## [Task item]
The output must start at the line containing "el siguiente artículo." in the records below and stop at the last line, matching each line exactly and leaving out every picture.

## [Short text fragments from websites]
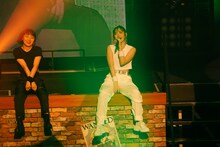 「鈴木愛理 LIVE 2019 “Escape”」初日公演の鈴木愛理（右）。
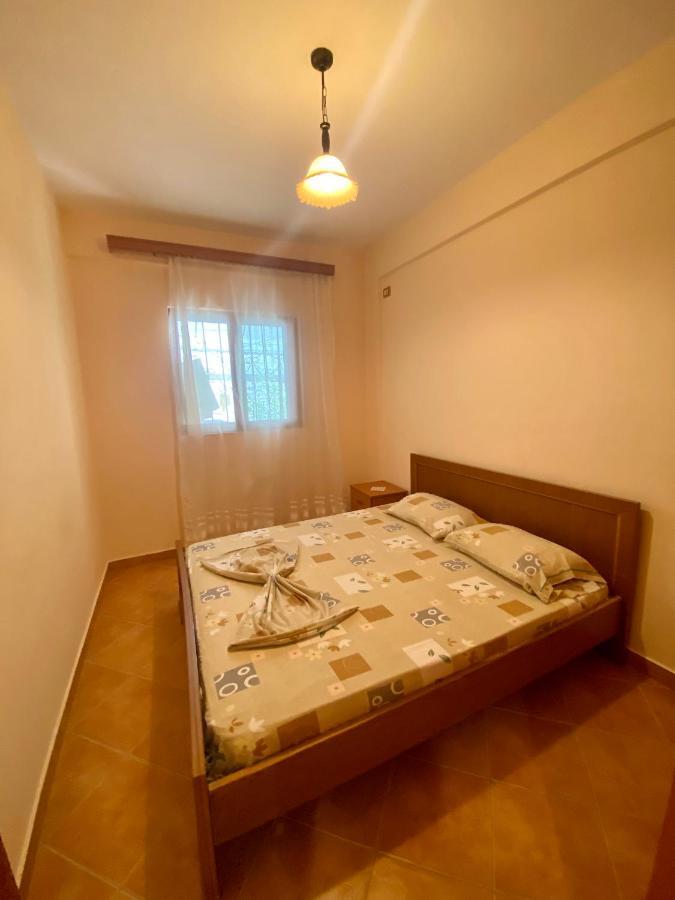 Family Apartments Sarandë 외부 사진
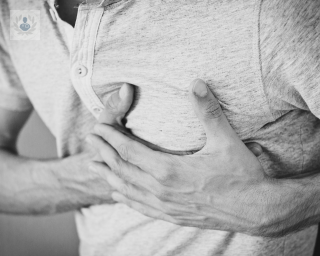 ¿Qué aumenta el riesgo de padecer una enfermedad coronaria? ¿Qué síntomas producen estas patologías y cómo se tratan? El doctor Díaz de la Llera responde a estas preguntas y muchas más en el siguiente artículo.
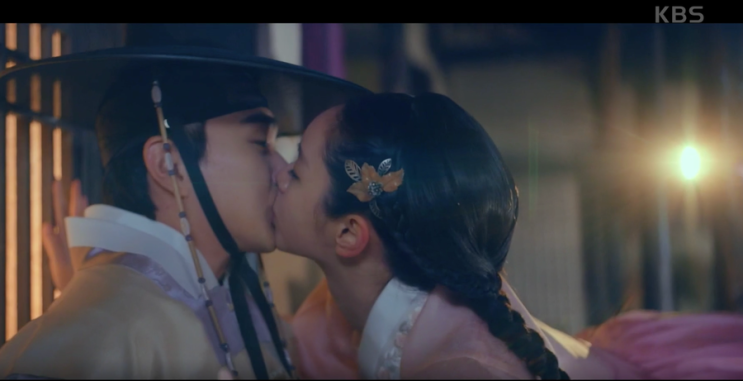  [꽃 피면 달 생각하고 결말] 마지막회! 반전 폭로로 권선징악 최후 맞은 도승지, 청혼+키스 해피엔딩 유승호+이혜리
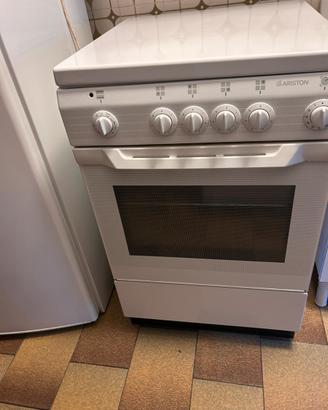 Cucina con forno elettrica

## [Expected answer]
 ¿Qué aumenta el riesgo de padecer una enfermedad coronaria? ¿Qué síntomas producen estas patologías y cómo se tratan? El doctor Díaz de la Llera responde a estas preguntas y muchas más en el siguiente artículo.
  [꽃 피면 달 생각하고 결말] 마지막회! 반전 폭로로 권선징악 최후 맞은 도승지, 청혼+키스 해피엔딩 유승호+이혜리
 Cucina con forno elettrica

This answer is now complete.